Are Those Gay Doritos Ads Funny?

First published at 365gay.com on January 28, 2011

I first discovered the gay-themed Doritos ads

http://glaadblog.org/2011/01/25/frito-lay-distances-itself-from-gay-themed-ads/

when a friend sent me a link to one titled “Told You So” with the question: “Is it okay for me to laugh at this?”

Quick answer, for those who have been wondering the same thing: Yes, it’s okay to laugh.

A longer answer, for those who nevertheless feel a bit uncomfortable while doing so, constitutes the remainder of the column.

The “Told You So” ad opens with a man “Tom” trimming his hedges when he notices a bowl of Doritos in the distance, causing him to stop working and to start licking his lips. His wife/girlfriend “Barbara” suddenly appears, giving him a quizzical, faintly disgusted look. Then the camera pans out, revealing that the Doritos are being consumed by a stereotypically gay male couple as they lounge poolside in skimpy cutoff shorts. Jolted from his Doritos daydream, Tom realizes that Barbara mistakenly thinks he’s drooling over the guys, not the snack.
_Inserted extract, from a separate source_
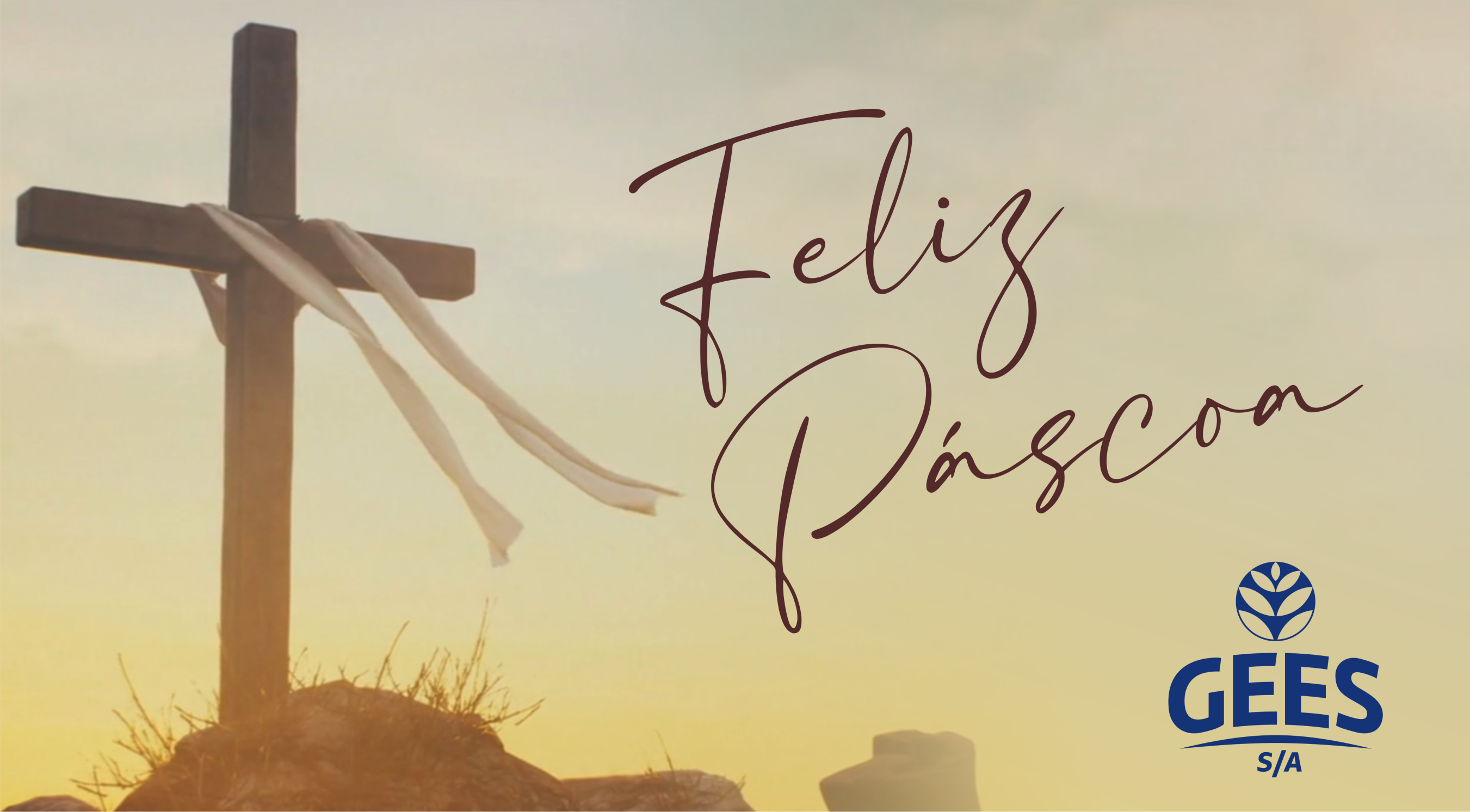 Feliz Páscoa!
The guys apparently think the same thing: the commercial ends with one telling the other, in an effeminate voice, “Told you so!”

The ad bothered me a bit when I first saw it, though not entirely for the reasons one would think:

First, Tom is using the wrong garden tool for the sort of trimming he’s doing, and in any case he should be more careful when handling sharp pruners.

Second, how could the video editor not notice that Gay Guy #2 has his legs crossed in the close-up shots but spread in the distance shot? Careless.

Third, Doritos are nasty, and there’s no way you can eat them regularly and still maintain abs like those guys in the commercial.

Fourth, and on a serious note: the ad’s portrayal of gays as mincing queens makes me a bit uneasy when the intended audience is Super Bowl viewers.

(Note: the ad was a submission for Doritos’ “Crash the Superbowl” contest. It was not chosen as a finalist, and according to Frito-Lay it has no chance of airing at the Super Bowl.)

Comedy often emerges from “mistaken identity” scenarios, and there’s nothing wrong per se with deriving humor from someone’s confusing a gay couple with a bag of Doritos as the object of another’s lust.

Moreover, it’s a 30-second ad, and short of putting the neighbor guys in bed together there’s probably no quicker way to establish their gayness than by using stereotypes. Indeed, the ad comically exaggerates the stereotypes, from the guys’ cutoff shorts to their limp-wristed mannerisms to the umbrellas in their cocktails. Even their Doritos bowl is bright pink.

So what’s the problem?

The problem is that those stereotypes are still used to taunt gay kids, and it’s not difficult to imagine a closeted gay teen seeing that commercial during the Super Bowl with his homophobic Dad, who rather than laughing at the mix-up, laughs at the stereotypical gays: “Haha—silly faggots.” The kid gets the message that gayness itself is worthy of ridicule.

Is that the ad-makers’ fault? No. And I’m not—I repeat, NOT—saying that the ad itself is homophobic, or that it should be censored.

It’s just that humor is contextual, and the context for an ad like this can vary wildly—which explains the mixed reaction to “Told You So.”

A portrayal of gays that’s funny on LOGO can be cringe-worthy at a Southern Baptist Convention. A stand-up routine that’s hilarious in Los Angeles can fall flat in Dayton. A joke that inspires gentle self-deprecation in some can unwittingly fuel self-loathing in others.

The trouble here is that, with a (potential) Super Bowl ad, the audience is pretty much everyone. That’s especially true in our internet age, when such ads can go “viral” on YouTube (as this one seems to be doing, along with another gay-themed ad “The Sauna”).

As I said, “Told You So” won’t be aired during the Super Bowl. Personally, I wouldn’t object if it were. The guys are cute, the premise is funny, and the creators shouldn’t be faulted for the reactions of homophobes—many of whom dislike us no matter how we’re portrayed.

So yes, it’s okay to laugh, and it’s okay to wince a little too. Just remember that the best way to combat stereotypes is not to censor the stereotypical. It’s to strengthen the representation of LGBT people in all our diverse forms.